The festival -- which was the world's first to show exclusively digital productions on 4K projectors -- has added two extra days this year as submissions topped 1,000 films for the first time.
The 26 digital films screening in competition will vie for ¥12 million ($124,000) in cash prizes and a new Skip City Award, which will give a new domestic director access to the state-of-the-art on-site production facilities in Kawaguchi, north of Tokyo.
"The new award is something we can only do at Skip City," Takizawa said, "we don't have the tourist appeal of other locations, but the film festival is held around the site of a digital movie production facility."
In line with the festival's increasing emphasis on upcoming talent, entries for the Grand Prize are all by directors with three or fewer features to their name.
The Grand Prize jury will be headed by Mataichiro Yamamoto, producer of Takashi Miike's "Crows Zero" -- the first time someone from the domestic industry has taken the role.
Since the festival began in 2004, the profile of digital filmmaking has grown exponentially, which is both a boon and a challenge to the festival.

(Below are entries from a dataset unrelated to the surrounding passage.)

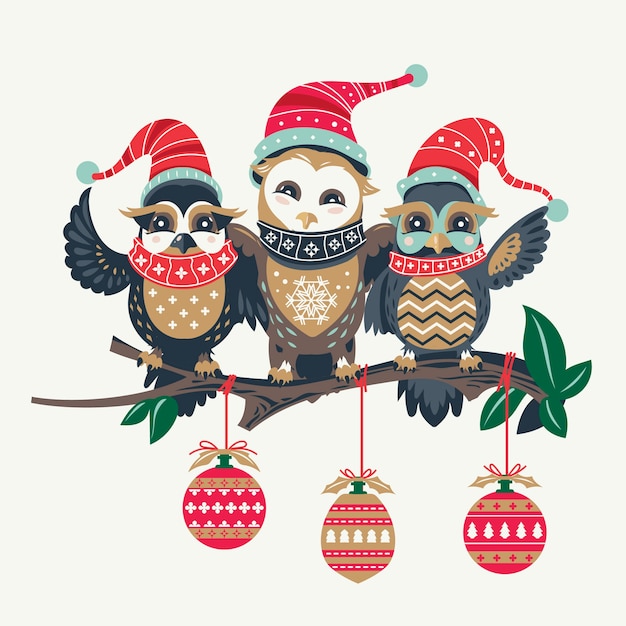 Cute owls Christmas seasonal with bulbs background 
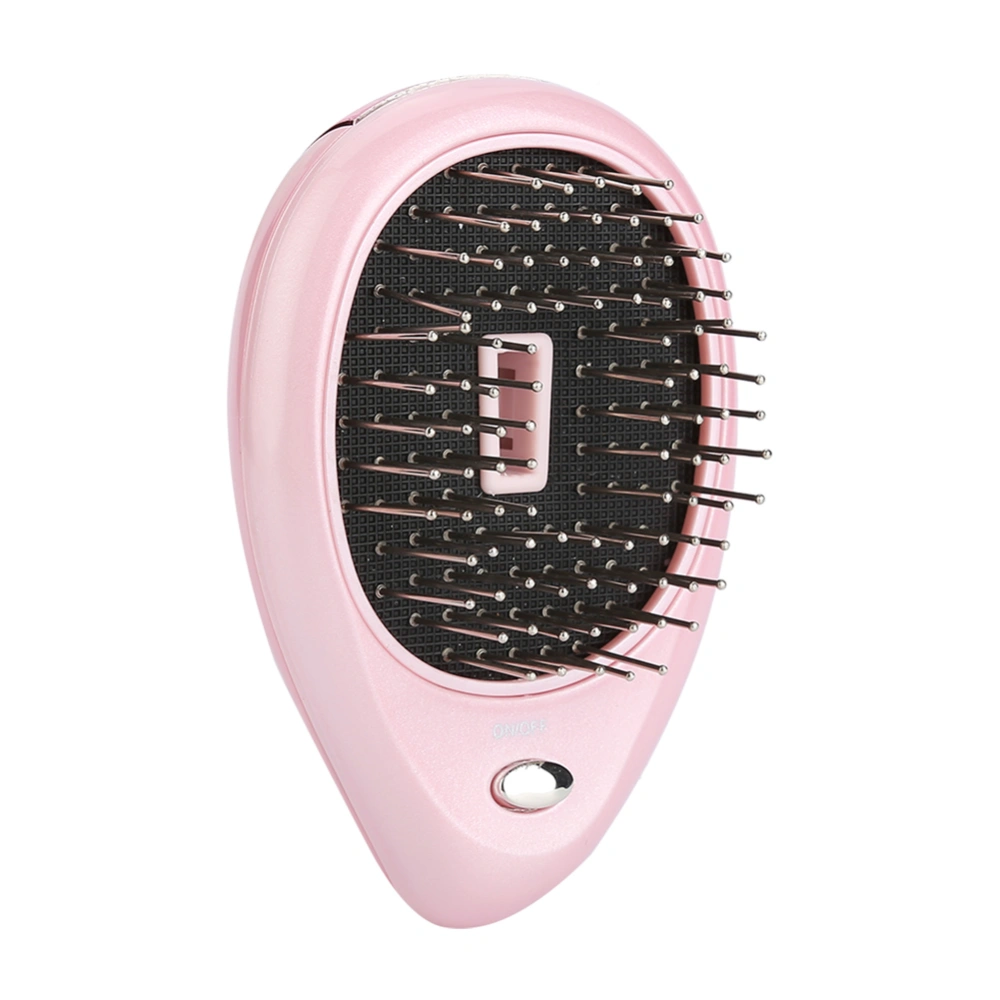 Portable Electric Ionic Scalp Massaging Caring Brush Vibration Massage Comb Hairbrush Pink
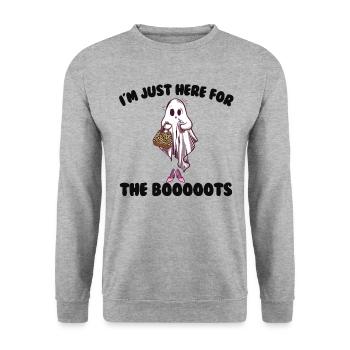 Ich bin nur wegen des Booooots-Frauen-Halloweens h - Unisex Pullover - Weißgrau meliert - Vorne - Alina (178cm) & Michal (187cm)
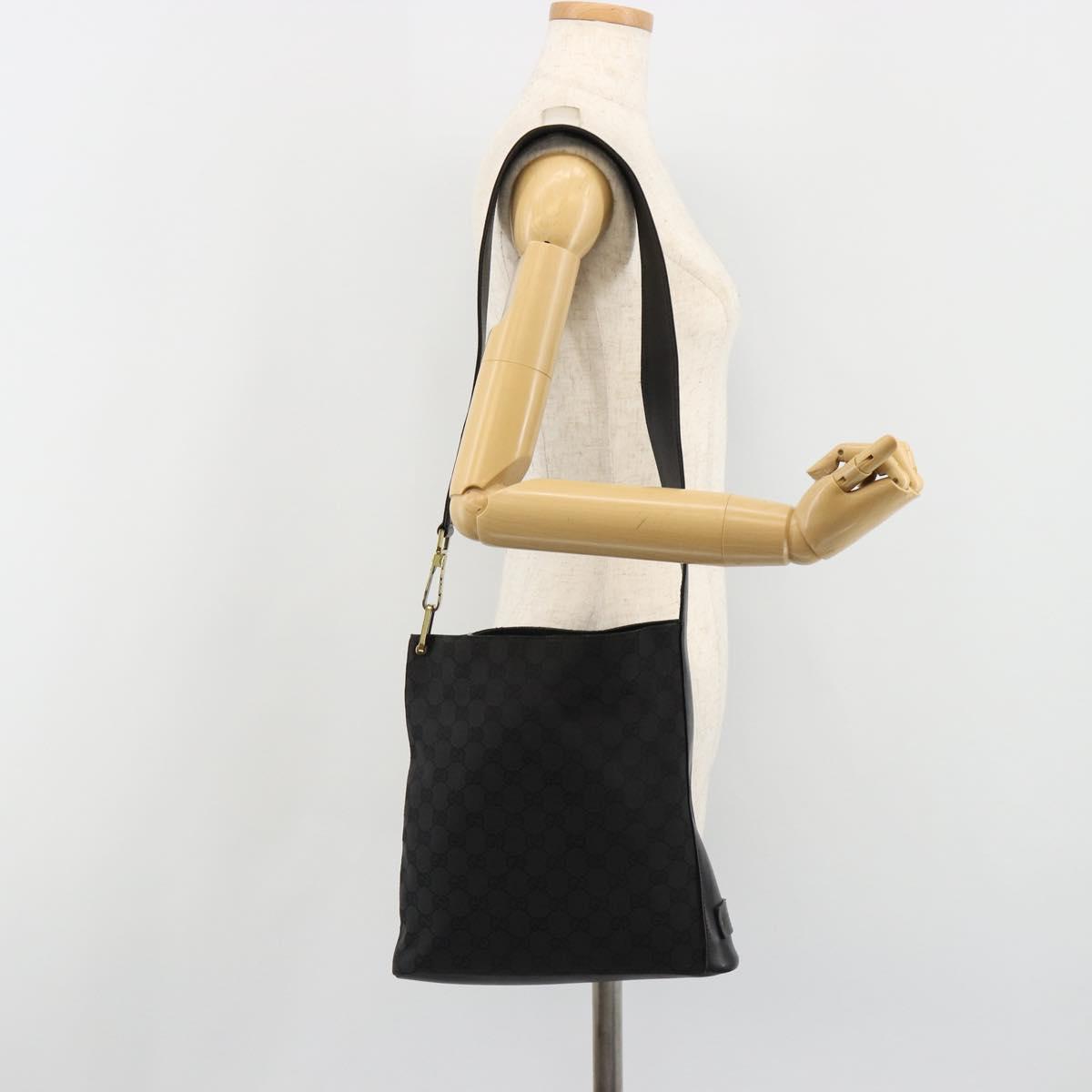 GUCCI GG Canvas Shoulder Bag Black Gold 91761 Auth 187145A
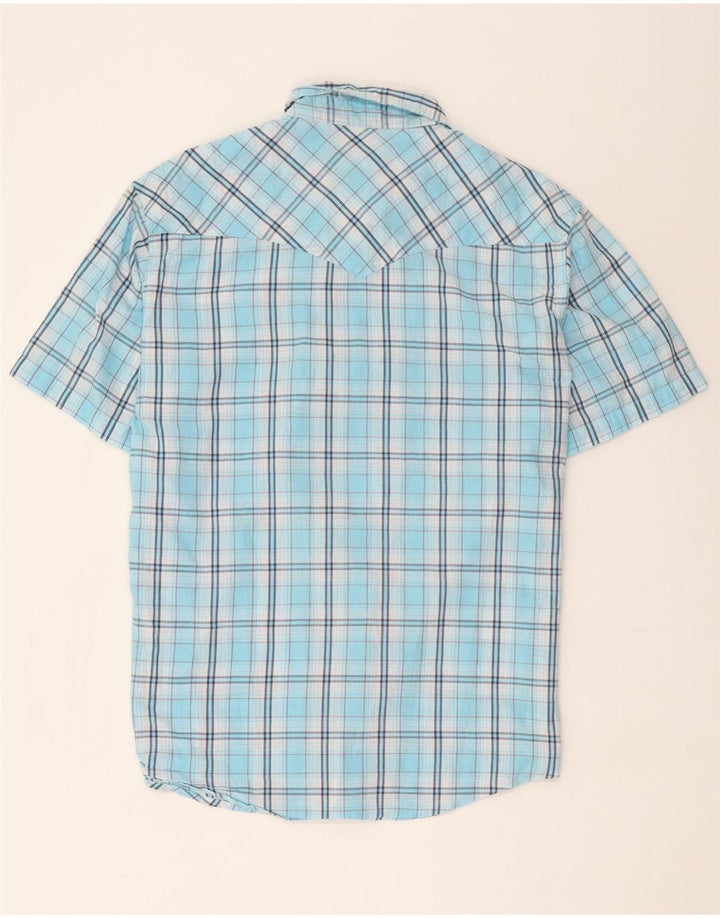 Wrangler Chemise à manches courtes pour homme XL en coton à carreaux bleus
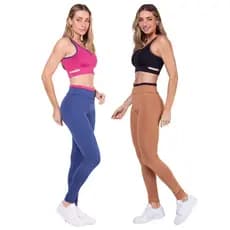 Conjunto Fitness Feminino – Top Nadador + Legging Cintura Alta com Bolso para Academia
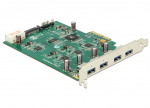 Laienduskaart: PCIe x1, 4 x USB 3.0 -A, (Quad Channel)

"When we first launched Skip City IDCF in 2004, I went around Cannes handing out invitations myself to our party on a boat I'd borrowed from Sony (festival sponsor)," explains Takizawa. "People asked me what d-cinema was, some thought it meant D-grade films -- much worse than B-films."
However, with digital productions becoming the norm, Takizawa concedes that side of Skip City IDCF's uniqueness has diminished. "We are concentrating more on developing young talent, especially domestic directors, that's why we've expanded those sections of the festival."
July 12 will feature a D-Contents market, allowing young filmmakers the chance to showcase their productions to industry executives.
IDCF will hold its first 3D screening this year with Belgian animation "Fly Me to the Moon" in digital 4K.
The festival opens on July 10 with the 4K projection of Akira Kurosawa's classic "Rashomon," digitally remastered in cooperation with the Academy of Motion Picture Arts and Sciences. It wraps July 20.